Doing Advance Research Online

* Pollstar.com is your friend. They're not always up to the minute, but they provide a good second source to go to after the home pages of the artists themselves. Lately they've revised their database so now an artist turns back a "sorry, not touring at the moment" response instead of the "we don't show that artist in our database of things currently happening so therefore that artist doesn't exist" response that was so poignantly Zenlike. [The sound of one hand clapping is the non-existence of an artist who isn't on stage and therefore hearing no applause.]

* Things have become considerably easier in recent years with the predictable proliferation of web pages for anything and everything. A venue is much likelier to have its own web site than a few years ago, when you were lucky to find an address that Mapquest could track at all. Now seating charts and online directions are commonplace. Do a Google or Yahoo search for the name of the venue, and if it's tied to a University, do a search for the school's home page if the venue turns back nothing. You should be able to find some sort of info from a school's main page on driving directions or a venue's phone number, even if there's no specific page for the venue itself. Remember too that many concerts take place in sporting arenas with folding chairs on the basketball court; don't search only for performance halls. A zip code is sometimes all you need for online driving directions. They'll get you off of the interstate and in the neighborhood, if nothing else.

* While you're scanning a University page for venue information, take a peek at the Entertainment section of the online version of their newspaper, if they have one. There will sometimes be interviews with the artists in addition to concert announcements, and every once in a while there's a barely-publicized event solely for the campus community in addition to the concert itself like a radio station stopover or a record signing.

* As always, a Usenet News search on Google.com will do wonders in determining the latest state of a tour, as there will usually be some discussions going on somewhere. You may also want to keep an eye out for BBS message boards for an artist on an official or unofficial home page -- the price of subscribing (invariably free, and you can usually forge the personal info if you feel like remaining anonymous) can often be a wealth of data like setlists and meet and greet information. The Dent's message boards available off of thedent.com are *the* place to go for Tori tour info, and the same system which powers their boards are showing up elsewhere (I've seen at least one Poe board run the same way).

Getting There

* Don't underestimate the difference between trying to find a strange venue before sunset compared with trying to find street names after dark.

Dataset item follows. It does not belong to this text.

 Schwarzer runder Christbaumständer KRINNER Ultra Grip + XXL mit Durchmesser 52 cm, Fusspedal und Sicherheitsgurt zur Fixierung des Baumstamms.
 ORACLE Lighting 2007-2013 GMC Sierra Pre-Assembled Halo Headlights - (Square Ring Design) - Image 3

If you can arrive early and scope out the venue, the parking, where the buses are, etc., you'll significantly reduce the hassle factor.

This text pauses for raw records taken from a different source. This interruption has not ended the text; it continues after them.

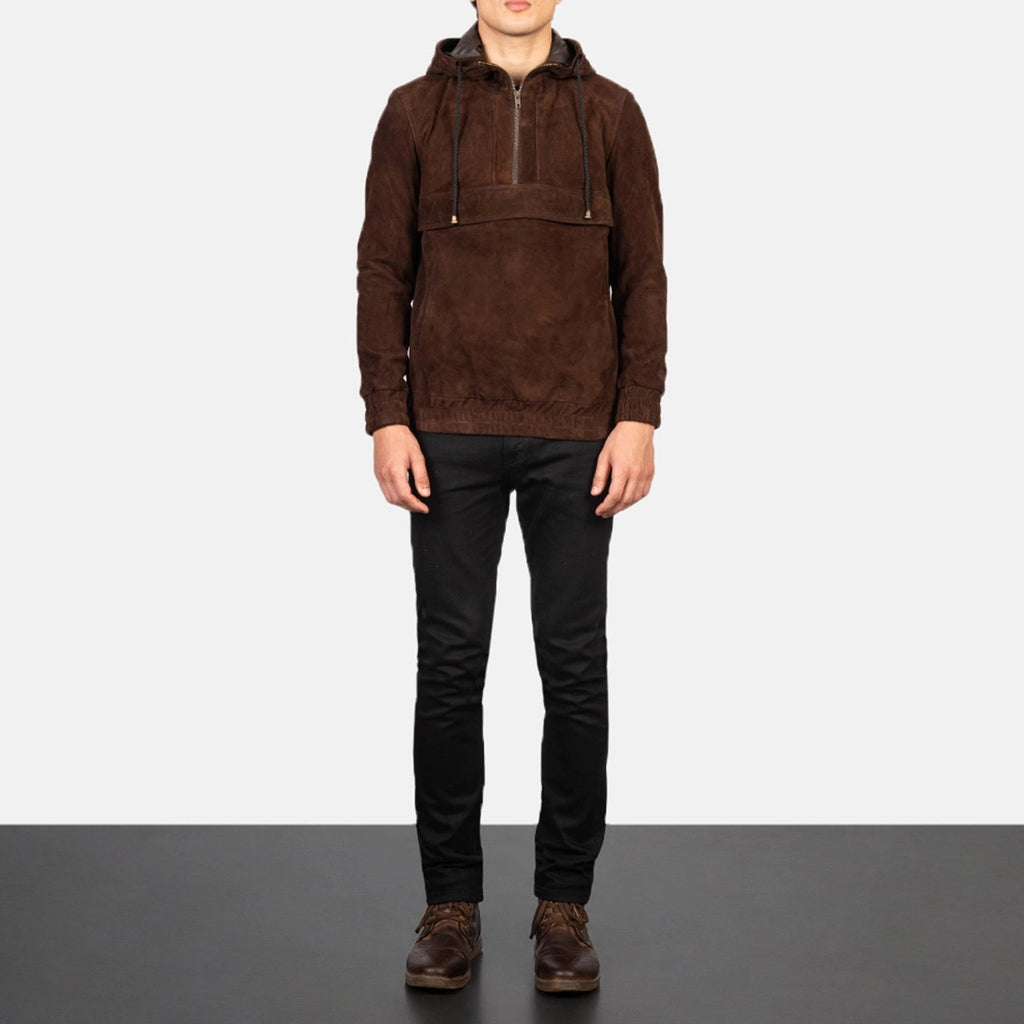 Kentaro Hooded Leather Pullover Jacket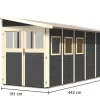 Karibu Gartenhaus Wandlitz 5 Anlehnhaus 19mm Terragrau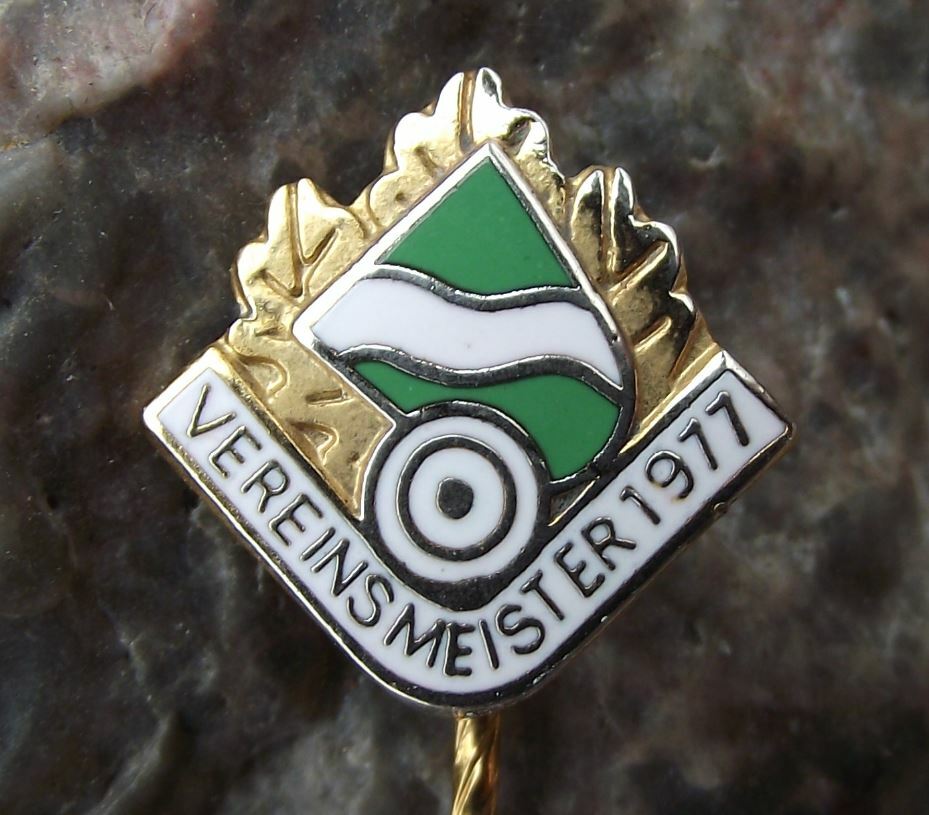 1977 Rheinland Shooting German Defence Association Club Champion Pin Badge - Badgecrazy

* On the way into town, keep an eye out for the perfect gas station rest stop. What you want is the place which will give you fuel, caffeine, a clean bathroom, and no hassles on the way out of town, as well as giving you a landmark to reach on your way to the interstate. Go ahead and stop in ahead of time if you need to hydrate or get money for tickets; assume nothing on the part of the facilities.

* I tend to shy away from announcing my status as a tour junkie; I don't soap my windows with messages or cover my car with bumper stickers. If you're following an artist into places you don't know, I'm a big believer in the idea of keeping a low profile. Both big cities and small towns have people who look for outsiders to prey upon; why make yourself a target?

Getting In The Door

* THERE IS NO SUCH THING AS A SOLD OUT CONCERT.
I've been turned away from concerts maybe twice in my life, and both times I showed up after the event had already started when the scalpers had gone home. I've also only been scalped a handful of times and I've never, ever seen a counterfeit ticket or been hassled by police. The simple fact is that 90% of the tickets available on the street are from people who bought in bulk and had a friend cancel at the last minute. They're not looking to screw you or the venue, and the cops have better things to do than give either of you a hard time about it.

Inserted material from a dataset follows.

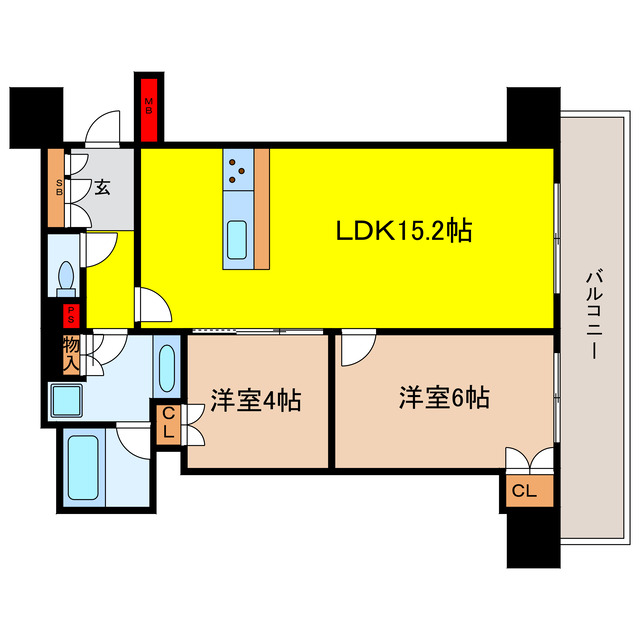 クレヴィアタワー大阪本町の間取り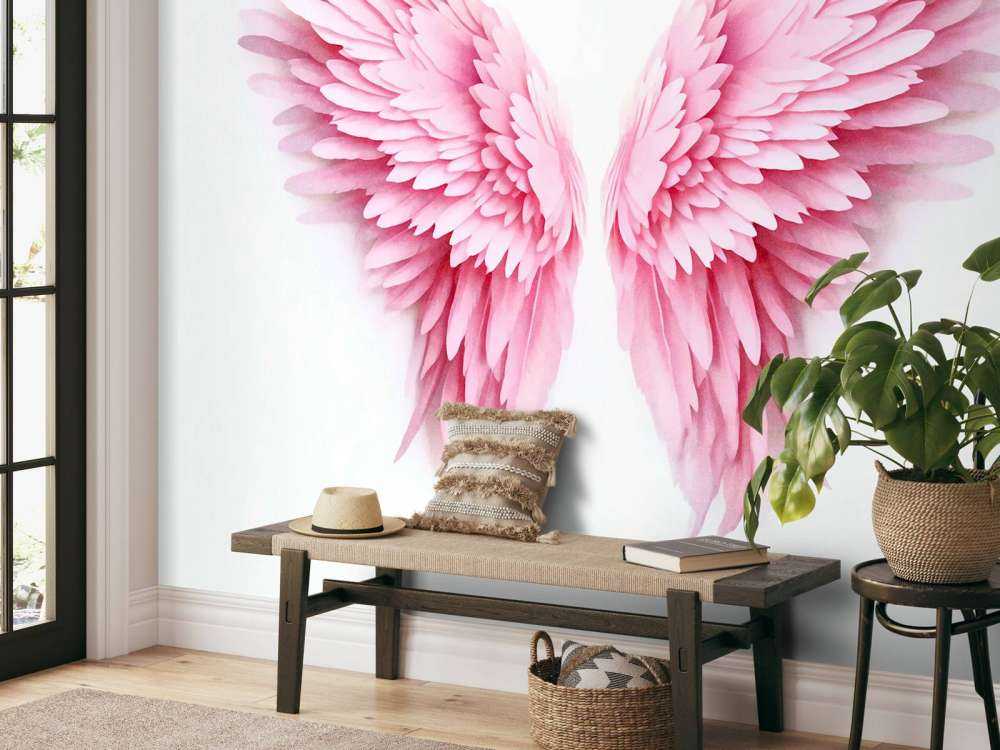 Pink watercolor guardian angel wings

* I've gotten in to two "completely and totally sold out" shows, which should have been impossible to get tickets for, on the strength of a sign I was holding that politely announced my interest in tickets. Grubbing for tickets is grungy work which plays on every street-people defense that people in an urban environment have developed. Comparably, if they know you're looking, they'll approach you.

* It sometimes pays off to canvass the van of the radio station sponsoring the event: they frequently have comp tickets they'll give away for those who answer trivia questions or other stupid antics. Try to find the station on the drive to the venue (this is not as challenging as it might seem, demographics being what they are: I found the station sponsoring the Tori Amos concert I was driving up to Kansas City to see on the third scan, even though I'd never heard of it before driving into the city) and listen carefully: I've gotten tickets by knowing the answer to trivia questions that were answered on the air on my way to the concert.

* Don't forget to check the box office. Seats do get opened at the last minute; sound boards never take up as much space as a venue allocates and they never let a seat go empty that they could be selling.

* Similarly, don't forget to look especially desperateto the venue staff and security. They've possibly got comp tickets they're not going to use, and they can occasionally be persuaded to barter. I've even been let in to venues by security guards who took twenty dollars in cash from me and walked me to an empty seat. No ticket ever changed hands.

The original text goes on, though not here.